SUPPLIED INFORMATION:
⟨
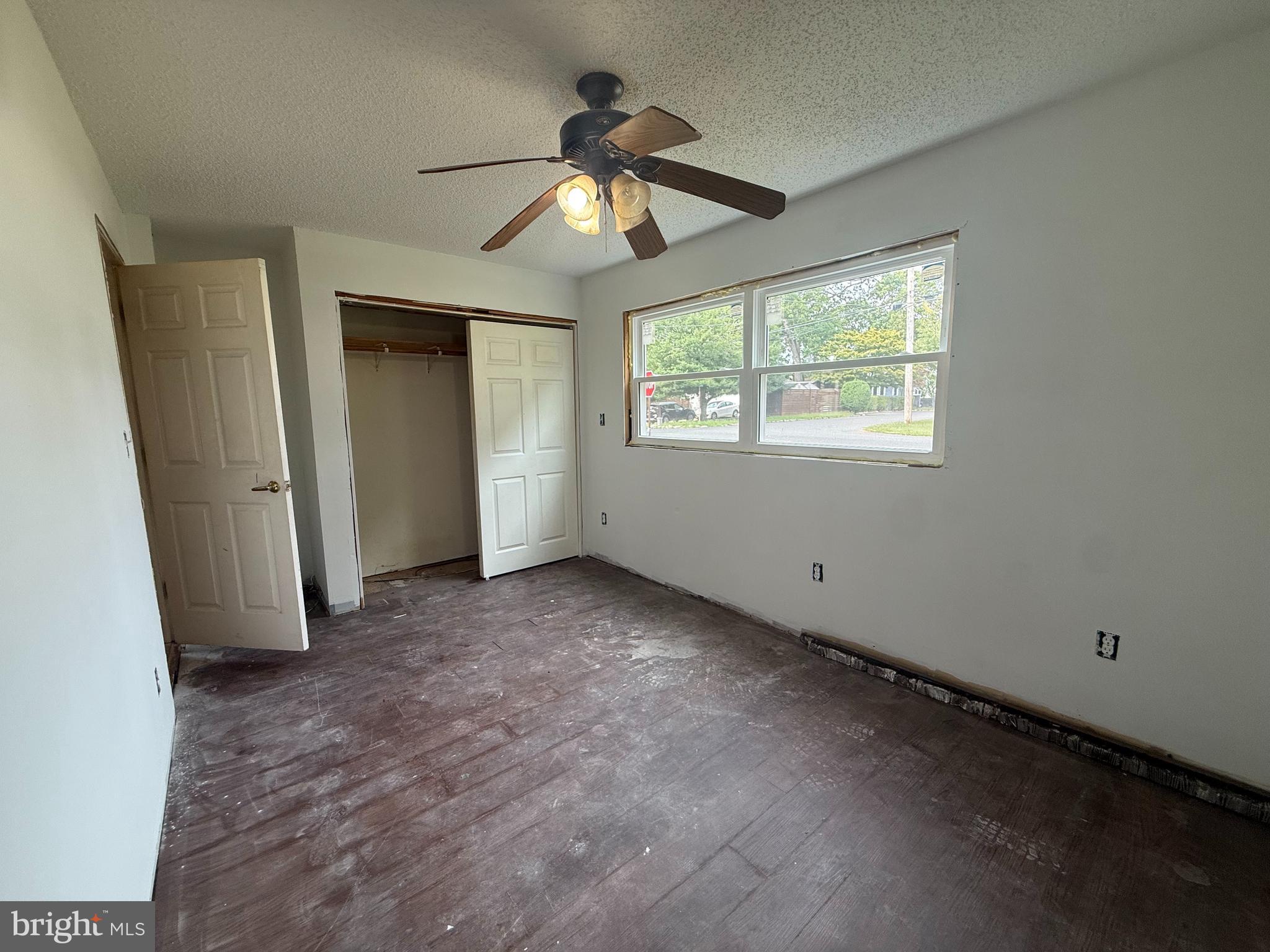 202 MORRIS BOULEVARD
⟩
⟨
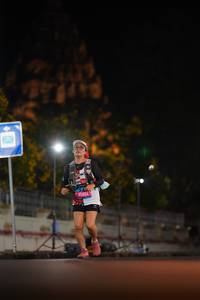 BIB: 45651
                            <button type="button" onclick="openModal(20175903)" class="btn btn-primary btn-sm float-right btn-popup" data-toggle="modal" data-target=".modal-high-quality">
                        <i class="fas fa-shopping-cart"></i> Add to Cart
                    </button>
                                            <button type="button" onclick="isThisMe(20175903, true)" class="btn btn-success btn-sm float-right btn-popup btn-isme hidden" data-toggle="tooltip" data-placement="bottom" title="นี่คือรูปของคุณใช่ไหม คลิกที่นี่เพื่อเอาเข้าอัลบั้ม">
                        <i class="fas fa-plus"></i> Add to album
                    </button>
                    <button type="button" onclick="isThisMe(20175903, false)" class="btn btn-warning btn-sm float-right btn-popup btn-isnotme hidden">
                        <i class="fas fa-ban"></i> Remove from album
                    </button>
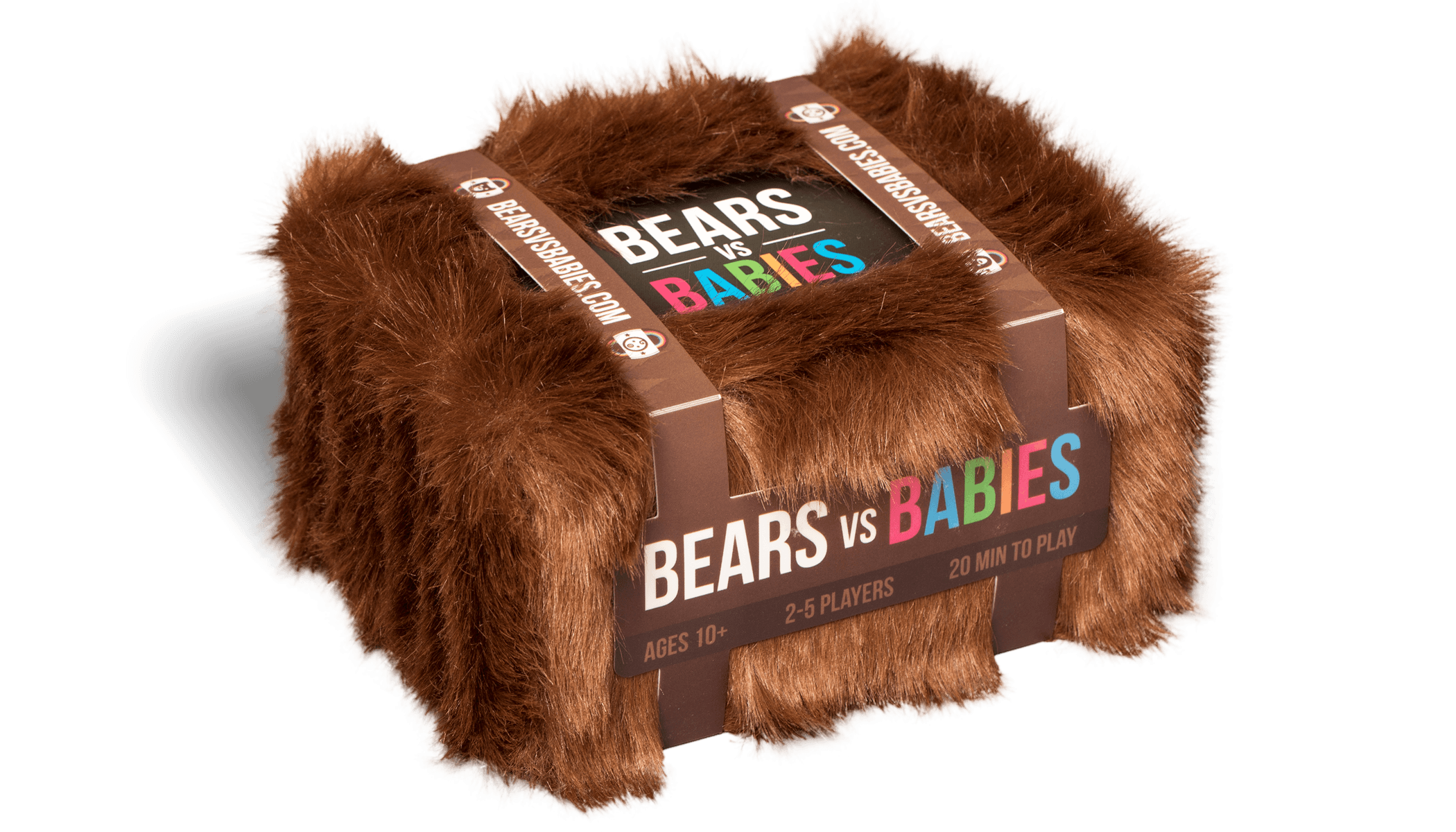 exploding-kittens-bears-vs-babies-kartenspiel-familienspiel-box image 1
⟩
WHAT TO DO:
With "data" as the word to match, copy each line of the records that has it.

RESPONSE TO THE TASK:
                            <button type="button" onclick="openModal(20175903)" class="btn btn-primary btn-sm float-right btn-popup" data-toggle="modal" data-target=".modal-high-quality">
                                            <button type="button" onclick="isThisMe(20175903, true)" class="btn btn-success btn-sm float-right btn-popup btn-isme hidden" data-toggle="tooltip" data-placement="bottom" title="นี่คือรูปของคุณใช่ไหม คลิกที่นี่เพื่อเอาเข้าอัลบั้ม">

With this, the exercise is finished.